The vice crackdown on Uber, a web service that arranges rides, involved cops using smartphones to summon rides and then busting the drivers who showed up for violations of local taxi law. So work with me on this. Taxi regulations. Vice. Do you see the connection? I don't.

When City Council member Scott Griggs blew the whistle on this deal, it wasn't so much a defense of Uber. Griggs said he wondered how the city could justify a full-court-press major undercover vice squad sting operation just to protect cab companies from unwanted competition.

And why vice? Does vice not have enough to do or something? Has Dallas finally run out of good old-fashioned vice? Is greed a vice? Well, sure it is. But is the vice squad going after greedy people or defending them?

I have to admit, my first thought when I saw this story was, "Here comes Old Yellow." Last time I saw any cab news around here was early July when the 5th U.S. Circuit Court of Appeals upheld the city of Dallas T. Boone Pickens Memorial Taxicab Law giving natural-gas-powered cabs the right to jump the waiting line at the airport. That was good news for Yellow Cab, which had invested $8 million converting some of its fleet to CNG after Dallas passed the line-jumping law, bad news for small operators who didn't have $8 million to spend.

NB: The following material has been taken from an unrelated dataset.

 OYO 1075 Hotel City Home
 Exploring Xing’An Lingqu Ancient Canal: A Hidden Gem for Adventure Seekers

The make-them-use-CNG law was only the latest in a history of regulation by the city aimed at wiping out the small crappy cab industry, which, by the way, I loved. Why would anybody love small crappy cabs? Because those were the guys who would take you six blocks in Uptown. You felt like you were in midtown Manhattan, as opposed to the way it is now, where getting a cab in Dallas is like applying for a mortgage.

I will take a risk on a beat-up exhaust-belching cab that looks like it recently had a goat in the backseat and the driver is haranguing me the whole way about either Obama or Oklahoma, I can't tell, if that cab will take me six blocks and, frankly, be grateful for the fare. I don't like having to walk half a mile to a hotel, wait in line 20 minutes, submit to a credit-history check and then the driver harangues me the whole way in excellent English because I'm not going to the fucking airport. I do not want my cabs to be excellent. I want them to be there.

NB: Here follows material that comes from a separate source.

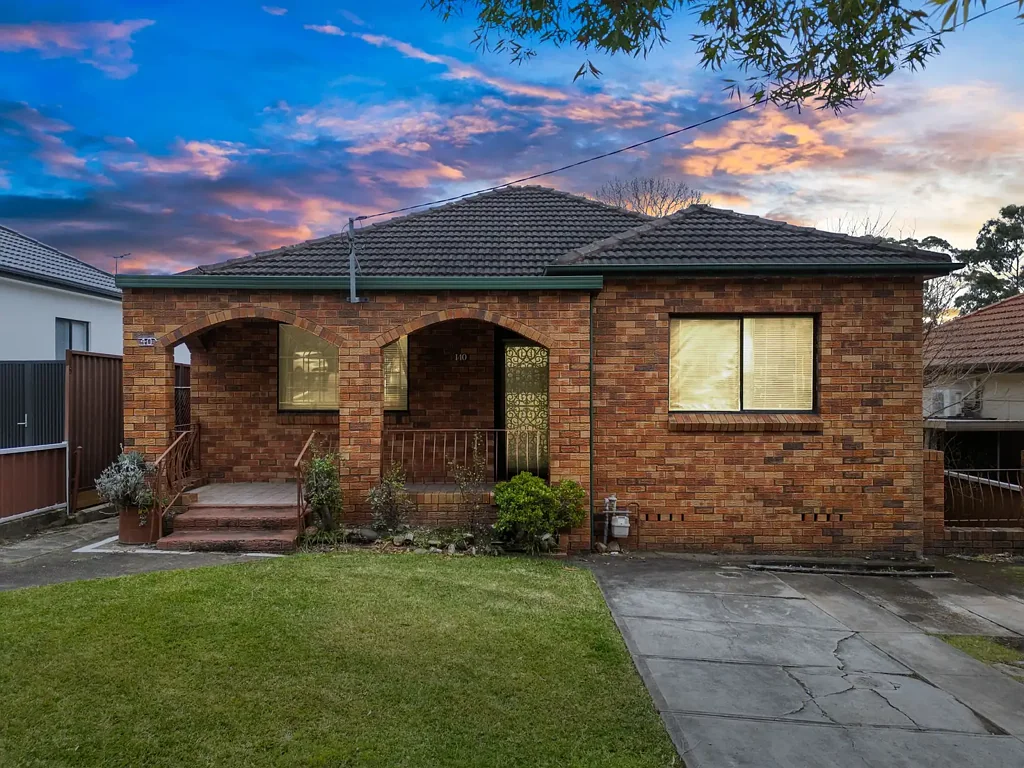 140 Karne Street North, Roselands, NSW 2196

But here is another rub. We need to be careful what we wish for. If we tell vice to stop hounding livery drivers and go after some real vice for a change, what does that mean? In the old days the traditional list of vices to go after was 1) Gay men being gay, 2) bad ugly cheap prostitutes interfering with the operations of fine-looking high-dollar prostitutes, 3) gay men being gay, 4) dirty movies and 5) you got it. Do we really want to remobilize the vice squad on those issues now?

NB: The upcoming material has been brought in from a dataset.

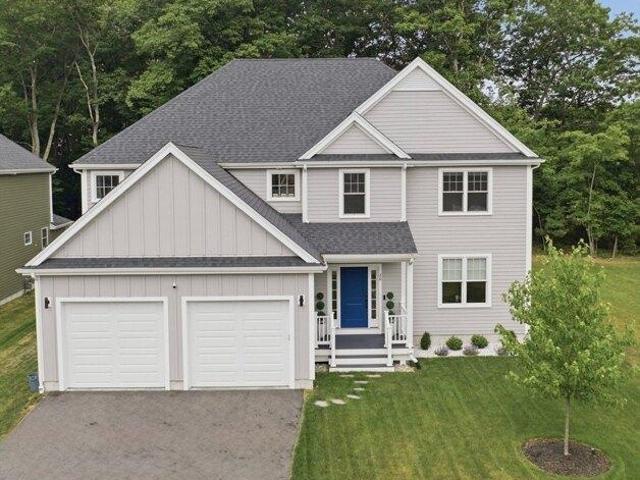 3 bedroom, Medway MA 02053 105424040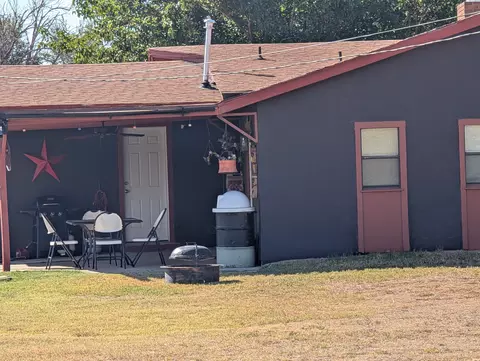 Exterior - 2221 Carolina, Clovis, NM 88101 photo 14 of 24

And that raises the question: What's a vice squad to do with itself these days? I actually have sympathy for them. We tell them, "Go out and raid illegal gambling joints." Then we bawl them out and say, "Not the illegal gambling joints where the mayor's father gambles, you bozos!" You know the old saying, caught between a rock and a hard place? Umm, second thought, let's not go there.

When we get done figuring out how to protect Old Yellow from unwanted competition again and how to make sure nobody can take a cab ride in Dallas for less than $75, then I think we ought to come back to the question of the vice squad. What is it anymore? And that would raise the philosophical and moral question, what is vice these days?

There have to be a lot of good cops on that vice squad. The crackdown on Uber could be a sign it's time to turn them loose and let them go do some police work.